One very important thing that has been happening is the Student-Staff Committee. I offered to chair this one, which was quite good because it meant I could control the meeting and make sure everyone's issues where properly addressed.

It was a quick one, and here are the minutes:
  1. Since Darrick left, Lisa is now the course convenor for the MSc. Rebecca is the deputy-convenor.
  2. One thing brought up last time were the essay titles - we did receive them fairly quickly afterwards, and quite on time this semester, so that's all been well.
  3. The practice essay was brought up again - I brought up last time that it was unclear what the word limit was, and it was now brought up that a 4000 word limit might be better in the future to prepare students for what it is like to write a 4000-word essay, as not all will have done so recently if at all. What was good about the practice essay however was the timely feedback, which was also fairly helpful.
    However, perhaps the rationale of the practice essay should be made clearer. Its purpose is to assess referencing and analytical thinking, and to get students in that mindset, but that is not always very clear.
  4. Some specific complaints were made about the Media & Crime module: some of the essay questions seem to not be covered according to the course outline, which may also not be up to date.
    UPDATE: the module handbook for Media & Crime has been updated.
  5. The contact hours for some tutors are not accurate on the website. 
  6. Some of the advertised optional modules are not actually offered: the department regrets this but the availability of such modules very much depends on staffing and funding. 
  7. For Criminological Research Modules, the assignment is to write a research proposal for an empirical piece of research. However, it would be good practice for some of those wishing to do a literature review for their dissertation to also have the option to write an assessed research proposal. The department reacts that a literature review is just not part of the CRM skills set and the research proposal assignment is a way to show that the student understands sampling, measures etc. The ethics sheet for the dissertation is however a good way to contemplate specific aspects of the dissertation, also for literature review, and if necessary the go-to person is the supervisor, with whom a proposal for a lit review can still be penned or at least discussed.
  8. The guidelines for the presentation in Crime Prevention and Community Safety aren't up yet. Will be done soon.
  9. On behalf of the Library: there is a more books campaign (see link below), where students can suggest books for the library to buy, this runs until the end of March. 
  10. On behalf of the Library: if a student needs research help, they can make an appointment with a librarian.
  11. The department will be kept up-to-date on the MSc End of Semester Dinner (see below).
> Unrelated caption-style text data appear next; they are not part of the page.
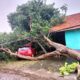 Kondisi rumah warga yang terkena pohon tumbang di Kecamatan Kendal, Kabupaten Kendal, Provinsi Jawa Tengah. (via BNPB)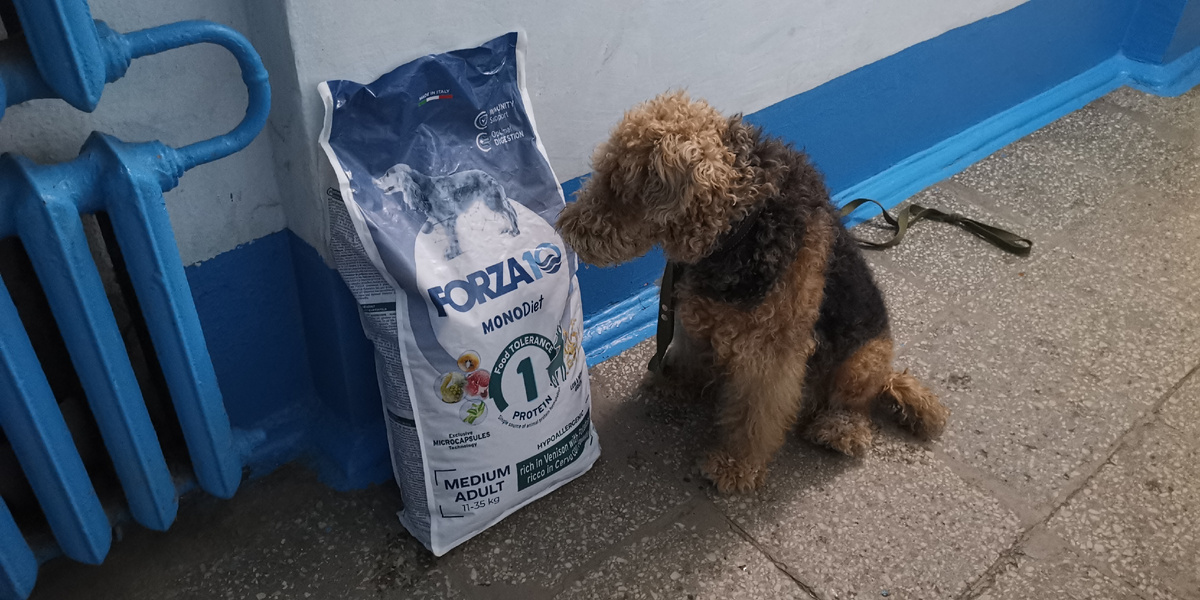 Идеи для заработка 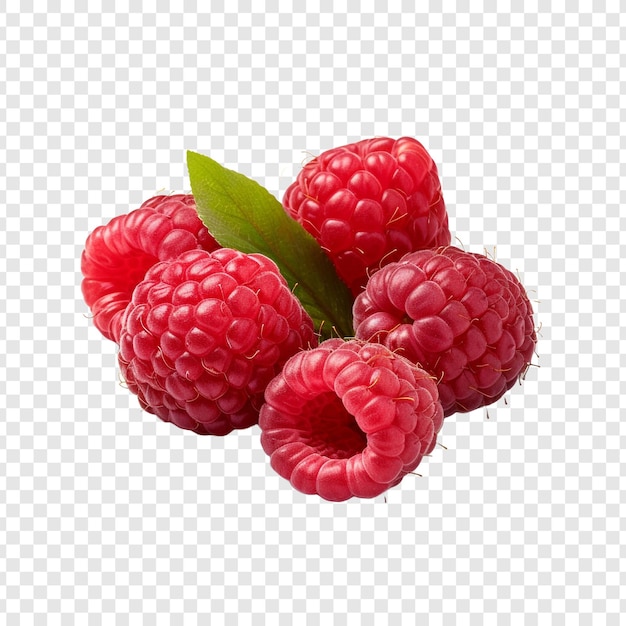 Free PSD raspberries isolated on transparent background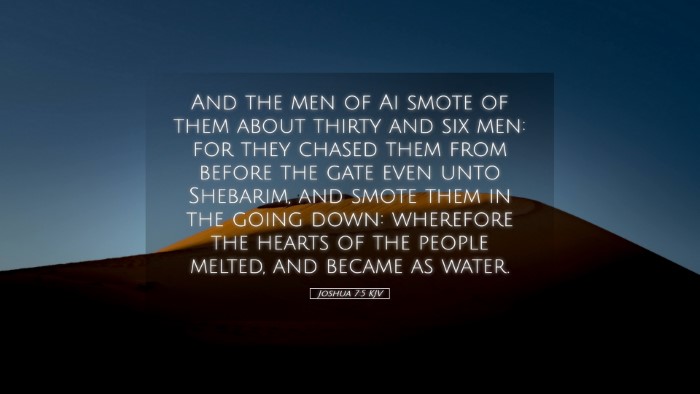 Picture 05 - Joshua 7:5 KJV Desktop Wallpaper - And the men of Ai smote of them about thirty and - Desktop Bible Verse Wallpaper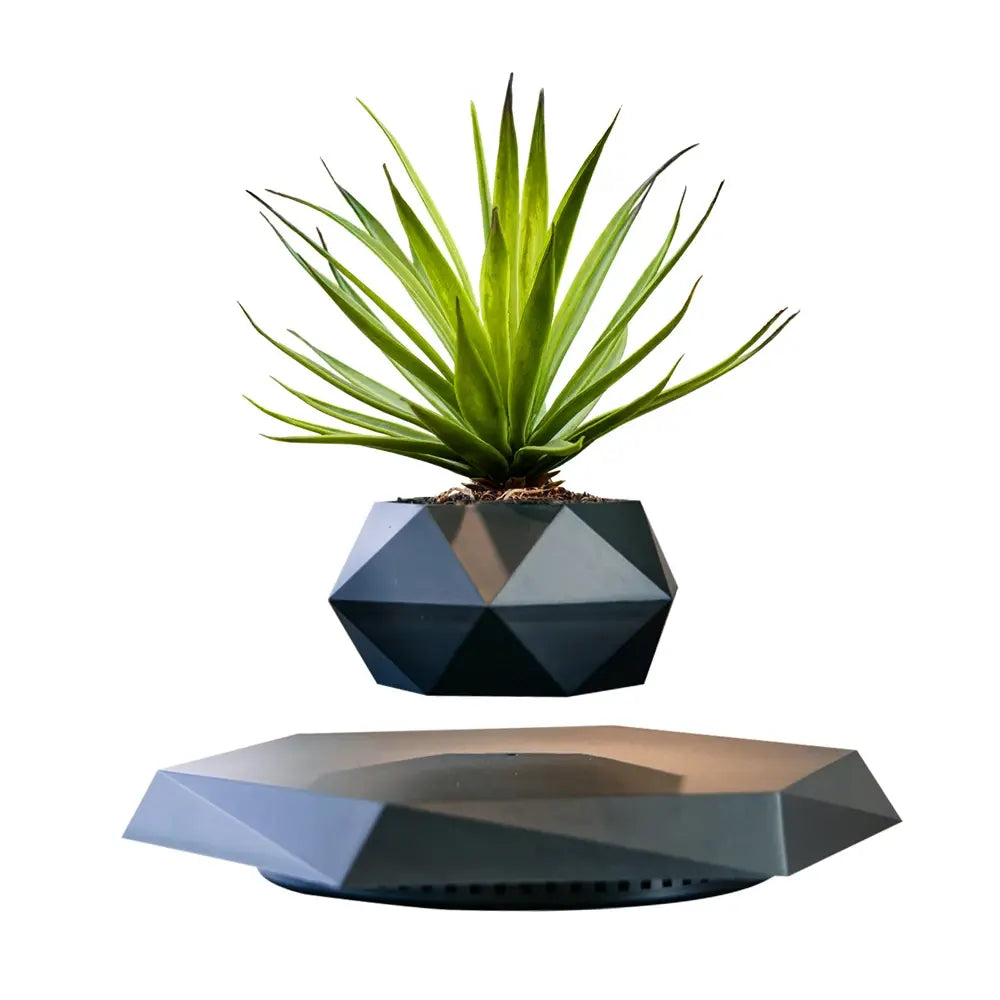 Floating Magnetic Plant Pot - Stem & Sill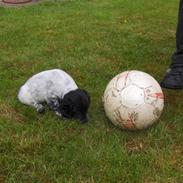 Cocker spaniel Bertil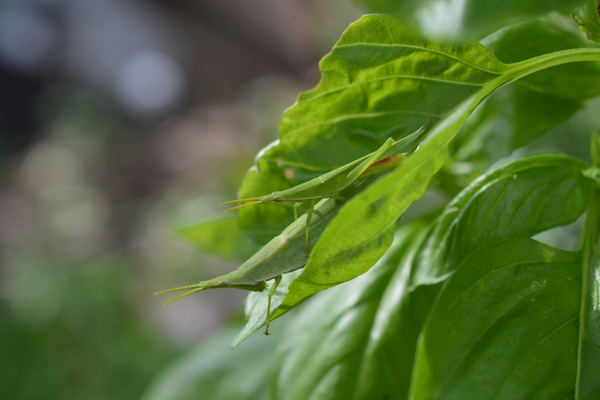 f:id:gzutetsu:20130916144243j:image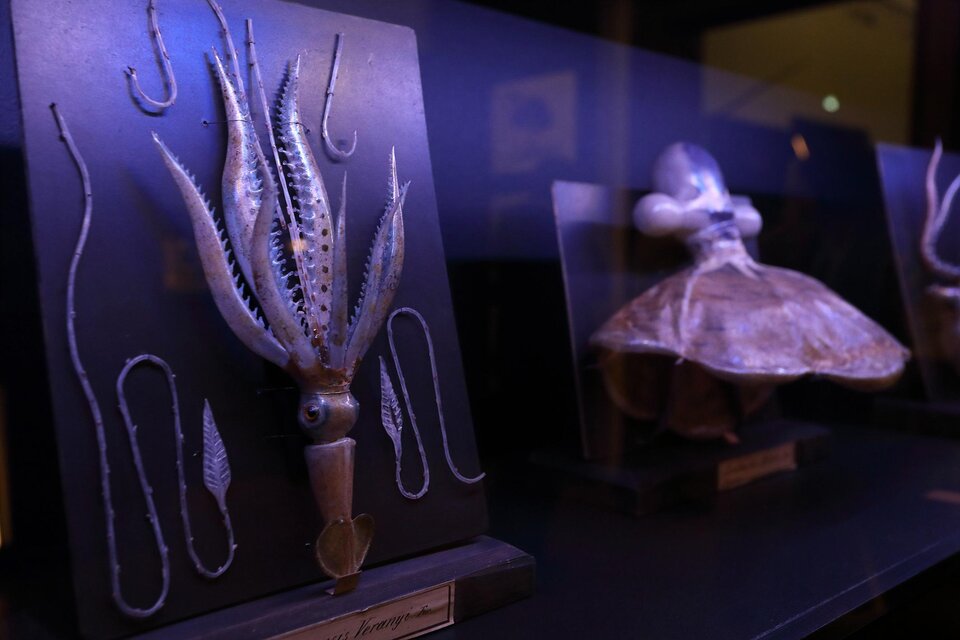 “FASCINATING TREASURES” AT THE NATURAL HISTORY MUSEUM GRAZ - Impression #1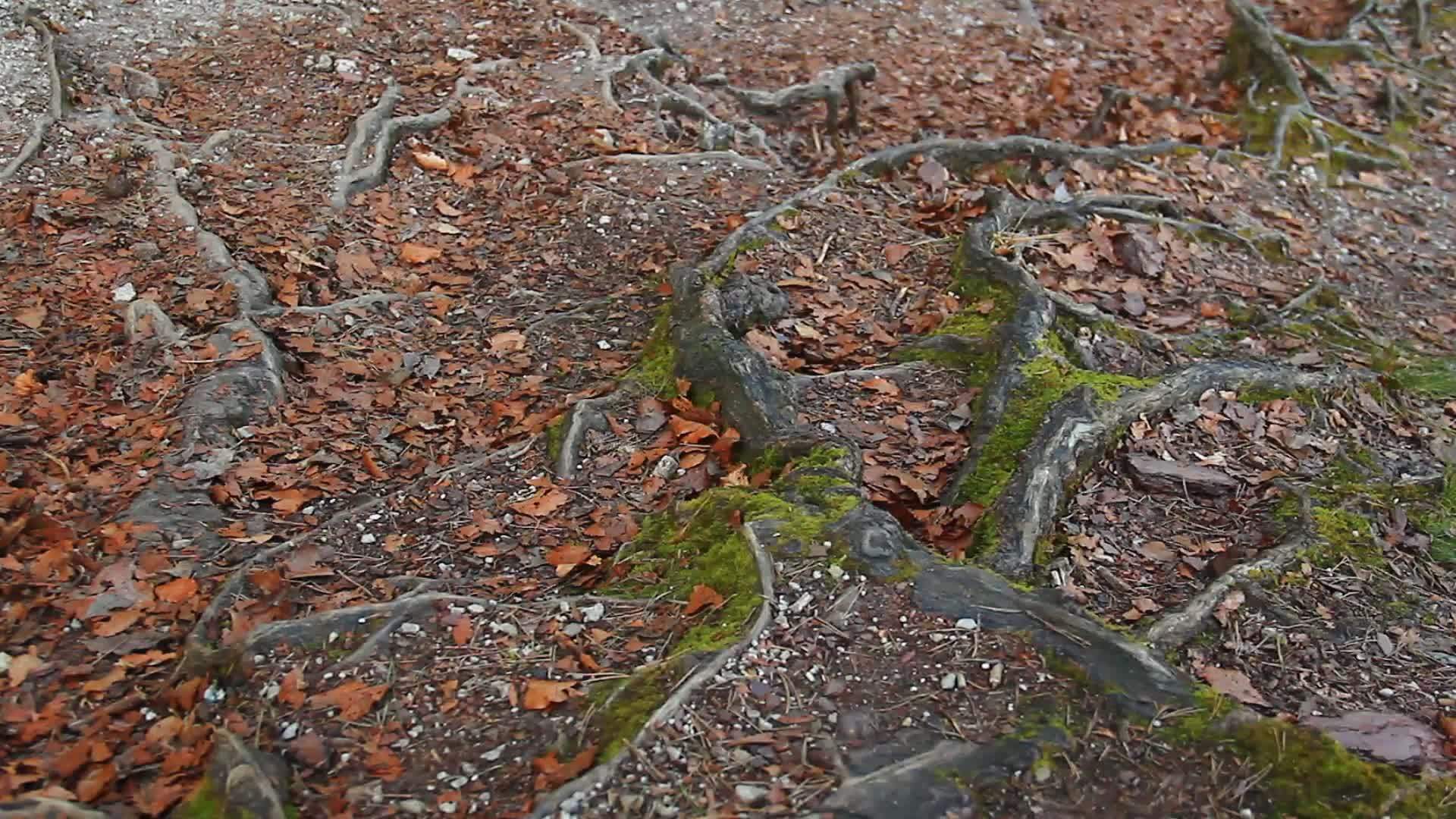 森林中有趣的树根视频的预览图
The department enjoyed the Christmas Dinner last semester. 

It was fun being chair of the meeting, especially because I could practice taking charge of the conversation and of the event; I'm not actually bad at it. Following the set formula of the agenda and then a round of the attendants talking about their issues, then allowing other attendants to respond, works really well. Perhaps I should be more assertive in the future and cut off long responses and winding stories, but under my chairship we managed to address a good number of issues in under 20 minutes. It seems that if there is one thing I'm good at, it's conducting efficient meetings. In the future I should however learn to take charge of meetings, because although I requested to chair this one and this one went well, in other situations I would be hesitant to do so. So I should work on being more confident in my ability to lead.

Furthermore, I have attended a focus group reviewing the way we were introduced to the library. What was brought up, among other things, was the fact that we were not given a tour of the library (which might've been fun) and the fact that there's always too few computers, lately even in the grad room. I later received these links from the folks at the library:

For suggesting books to buy: http://www2.le.ac.uk/library/about/news/more-books

Online tutorials: http://www2.le.ac.uk/library/help/tutorials

How to pay your fines: http://www2.le.ac.uk/library/services/borrowing/returning#pay

Refworks/Endnote: http://www2.le.ac.uk/library/help/bibliographies

Subject databases, on each subject page are a range of resources for your subject: http://www2.le.ac.uk/library/find/subjects

Online chat feature: http://www2.le.ac.uk/library/help/chat-help

Computer rooms across campus: http://www2.le.ac.uk/offices/ithelp/it4/students/on-campus
The induction review may not be helpful for you anymore, but it might be for next year's Crim grad students, so I'm sort of reaching beyond my year here.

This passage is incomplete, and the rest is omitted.